_TASK STATEMENT:_
The line containing "1542 Dickenson Lane, Iowa City, IA 52240" marks the end: extract everything from the first line of the data through that line, exactly, with no pictures.
= = = =
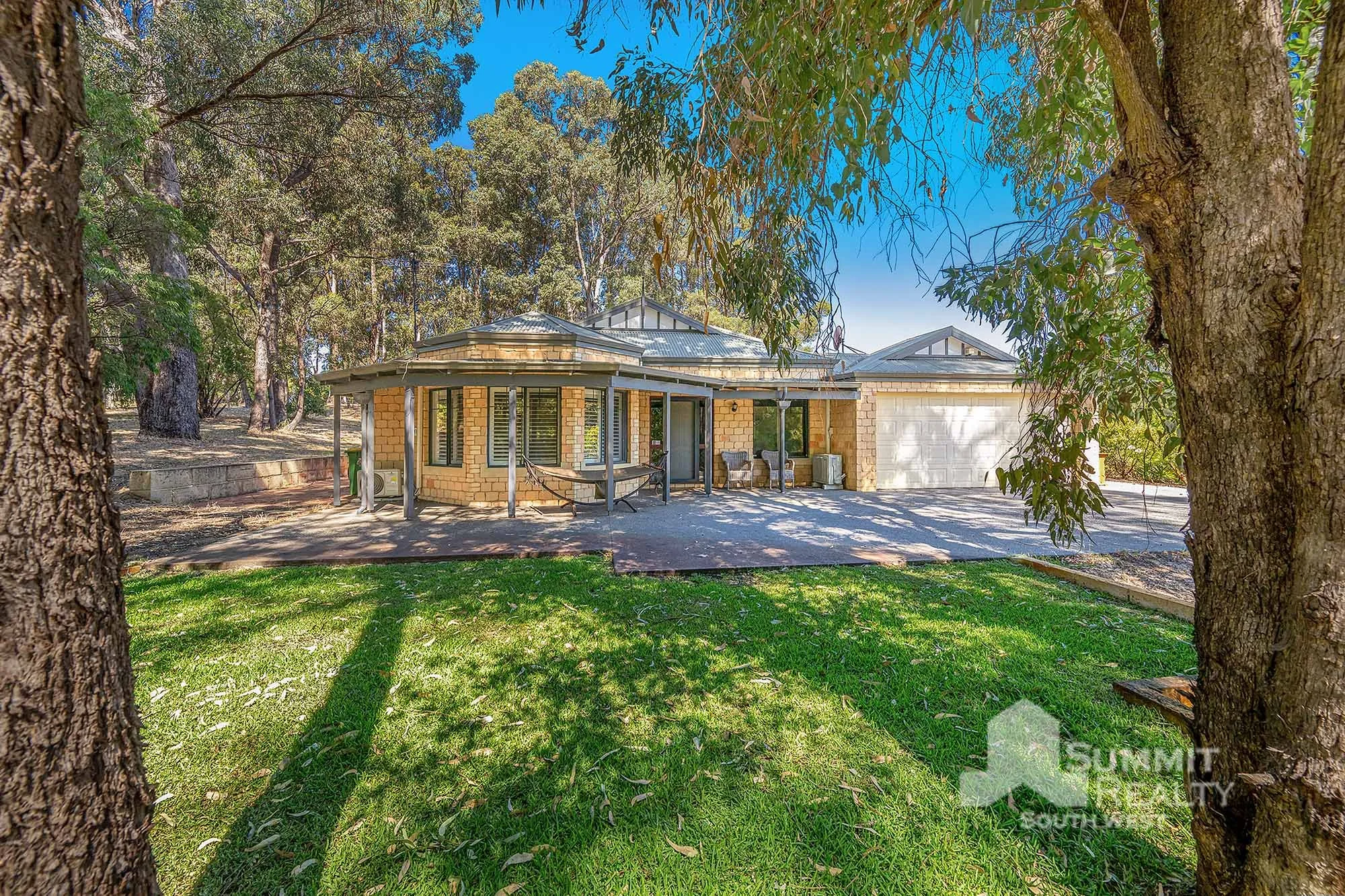 4 Russell Rise, Gelorup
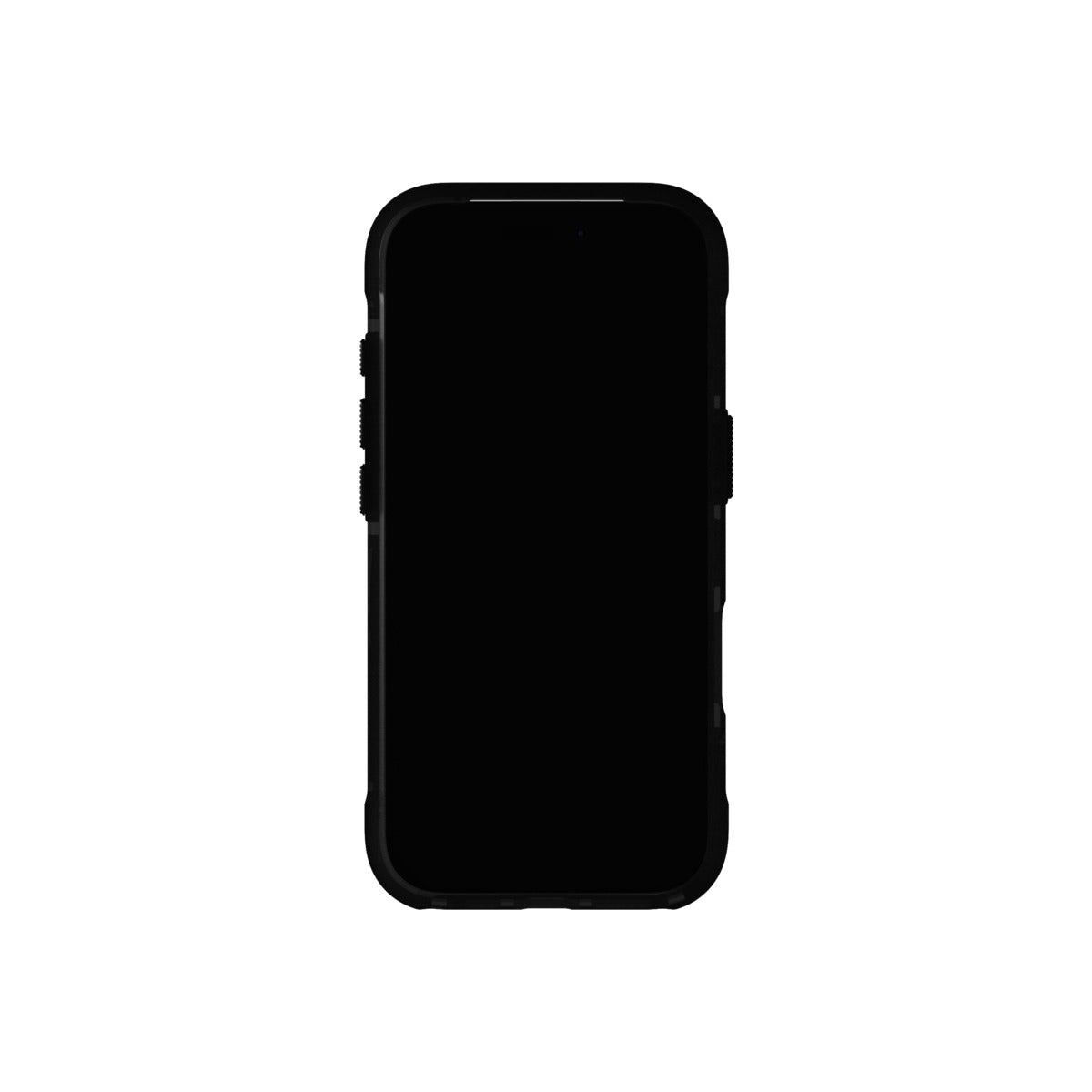 Tech21 EvoArmor w/MagSafe for iPhone 16 Pro - Black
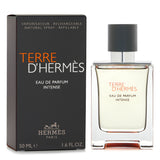 Hermes Terre D'Hermes Eau de Parfum Intense 50ml/1.6oz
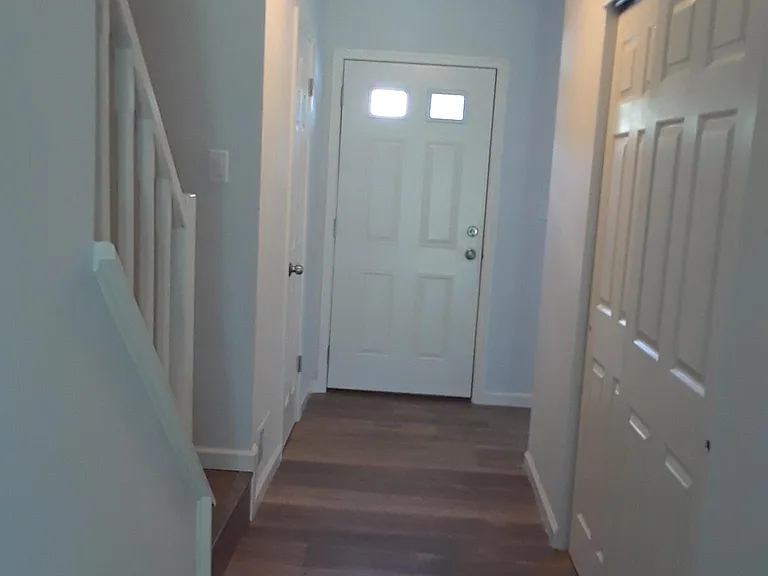 42 Oneill Ct — Photo 8
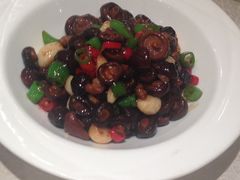 -李老爹香辣蟹(宣武门店)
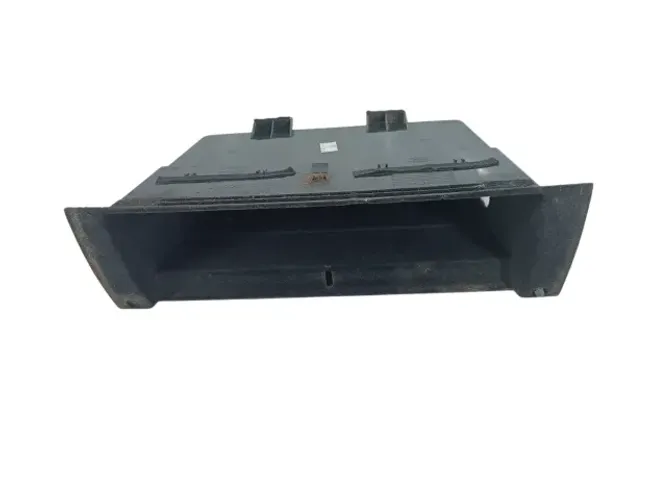 Porta luvas superior porta objetos Land Rover Discovery 3 2008 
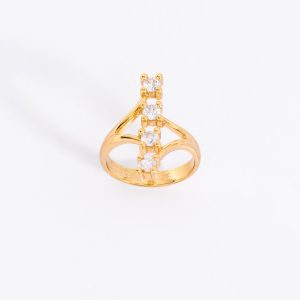 Anillo 223186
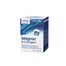 Vitter Blue Magnez B-Complex, 50 tabletek USZKODZONE OPAKOWANIE - miniaturka  zdjęcia produktu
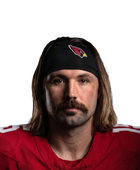 Gardner Minshew II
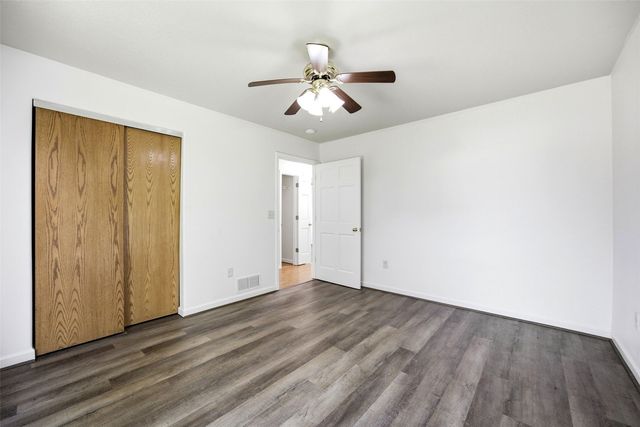 1542 Dickenson Lane, Iowa City, IA 52240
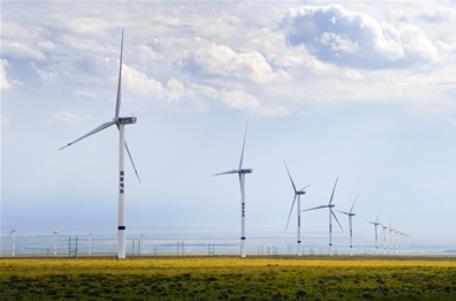 【輝煌十四五 改革譜新篇】向新而行向綠而歌的西寧答卷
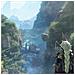 Xbox Series X Wild Hearts - Foto miniatura 5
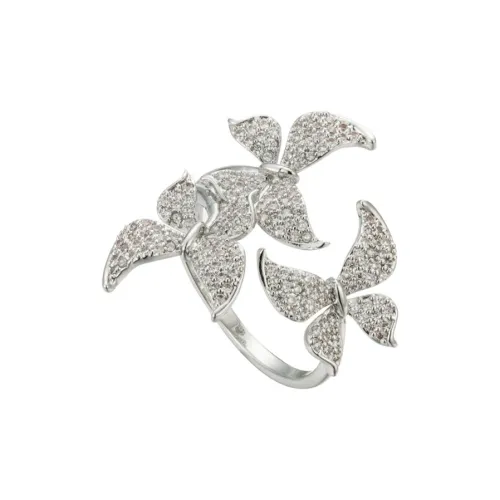 VAN GOGH Rings Women's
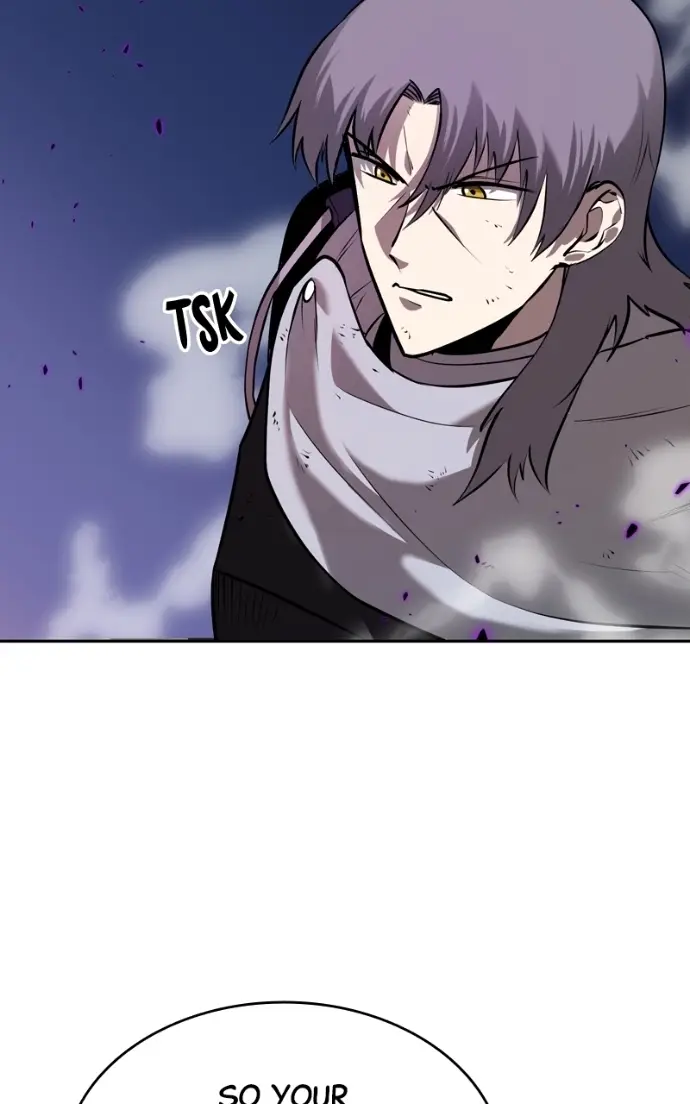 Read Defeating Dungeons via Copy Paste! EN Manga Online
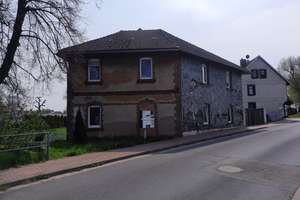 Einfamilienhaus in Krautau zu verkaufen! – Krautau 3, 99994 Schlotheim – Vorschaubild 2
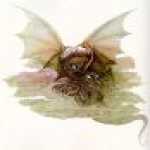 thumb_144 (Medium).jpg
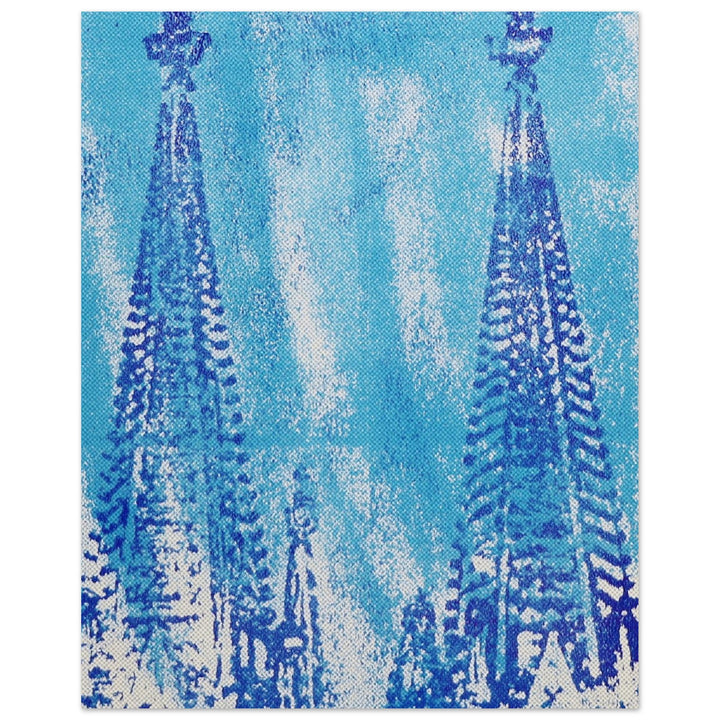 a1daa4e7-e598-4682-9342-f20c4123136f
= = = =
_EXPECTED OUTPUT:_
 4 Russell Rise, Gelorup
 Tech21 EvoArmor w/MagSafe for iPhone 16 Pro - Black
 Hermes Terre D'Hermes Eau de Parfum Intense 50ml/1.6oz
 42 Oneill Ct — Photo 8
 -李老爹香辣蟹(宣武门店)
 Porta luvas superior porta objetos Land Rover Discovery 3 2008 
 Anillo 223186
 Vitter Blue Magnez B-Complex, 50 tabletek USZKODZONE OPAKOWANIE - miniaturka  zdjęcia produktu
 Gardner Minshew II
 1542 Dickenson Lane, Iowa City, IA 52240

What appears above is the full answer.